> Exercise description
Leaving the images aside, transcribe all the data below exactly.

> Input
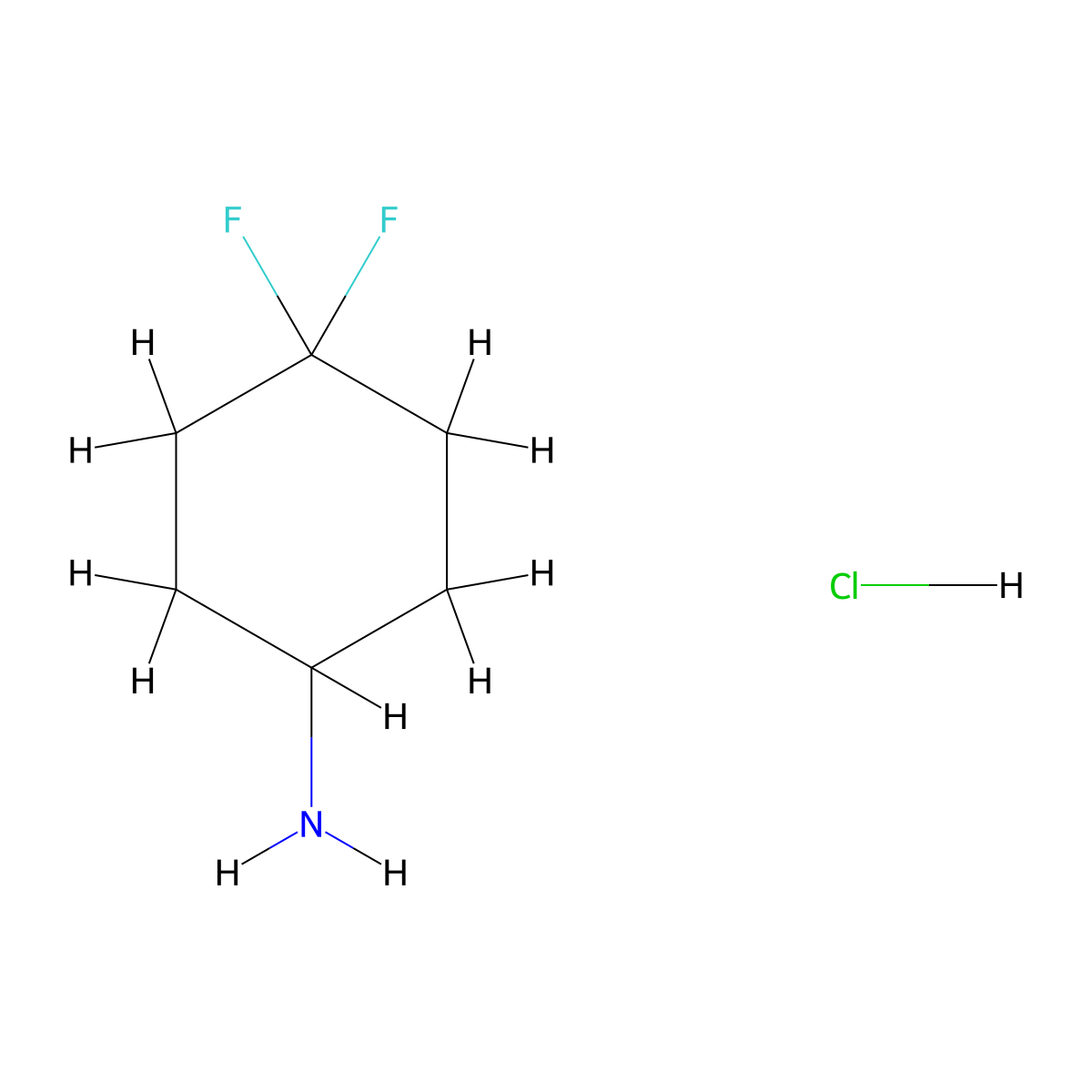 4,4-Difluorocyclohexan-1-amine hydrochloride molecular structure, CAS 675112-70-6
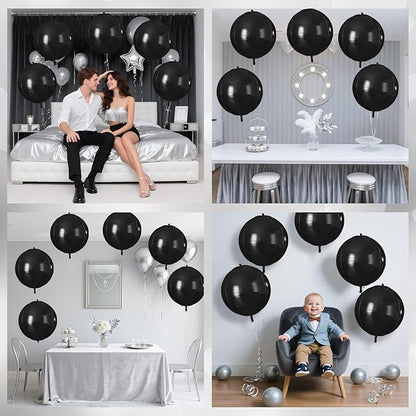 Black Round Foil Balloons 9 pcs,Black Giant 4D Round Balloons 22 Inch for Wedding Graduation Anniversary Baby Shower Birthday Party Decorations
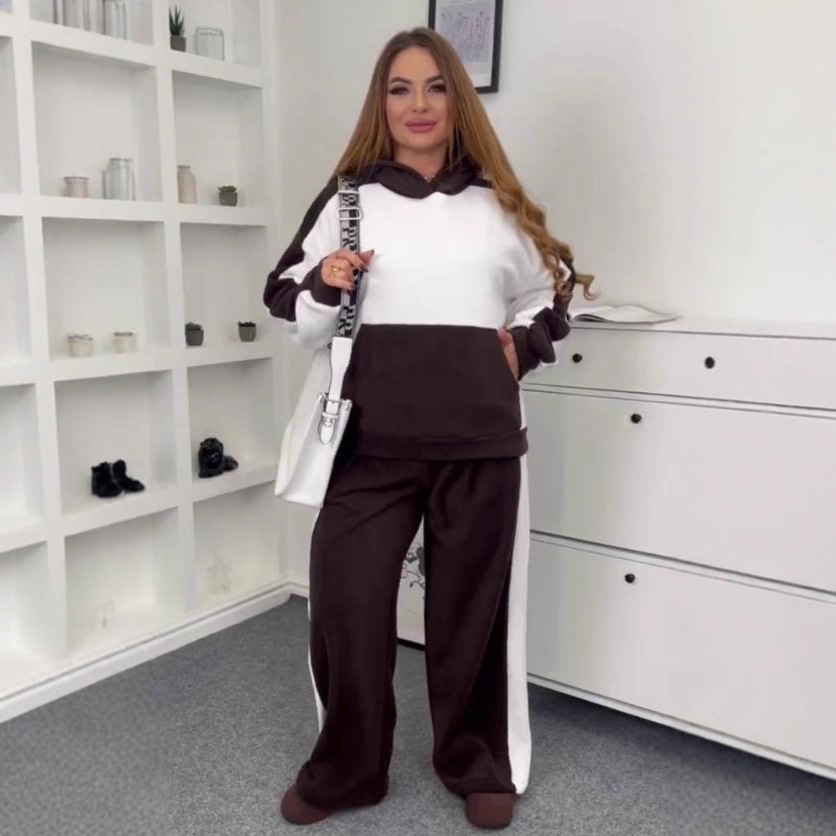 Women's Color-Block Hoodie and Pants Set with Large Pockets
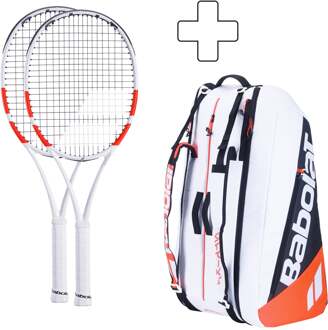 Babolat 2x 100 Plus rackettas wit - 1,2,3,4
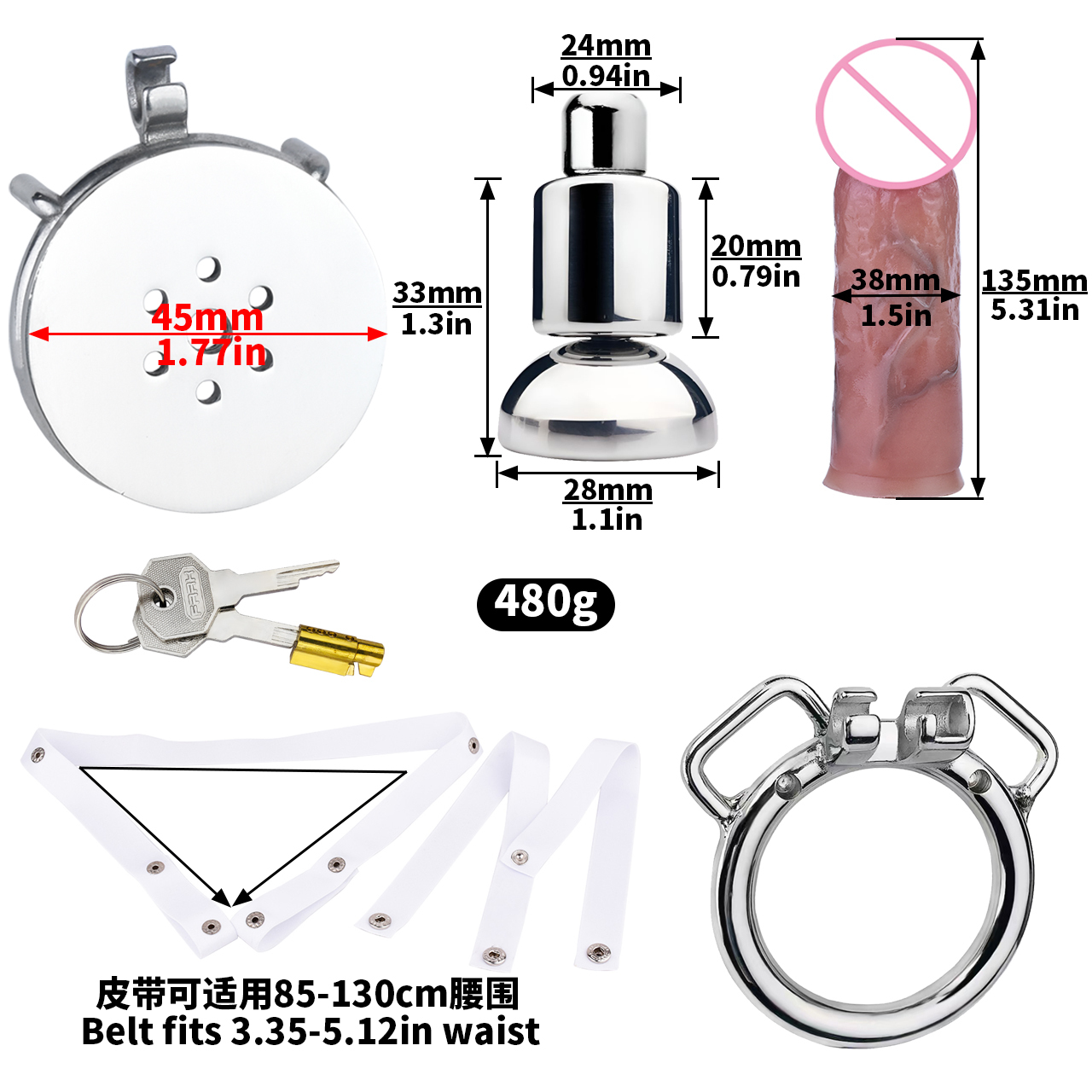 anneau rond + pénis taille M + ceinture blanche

> Exercise response
 4,4-Difluorocyclohexan-1-amine hydrochloride molecular structure, CAS 675112-70-6
 Black Round Foil Balloons 9 pcs,Black Giant 4D Round Balloons 22 Inch for Wedding Graduation Anniversary Baby Shower Birthday Party Decorations
 Women's Color-Block Hoodie and Pants Set with Large Pockets
 Babolat 2x 100 Plus rackettas wit - 1,2,3,4
 anneau rond + pénis taille M + ceinture blanche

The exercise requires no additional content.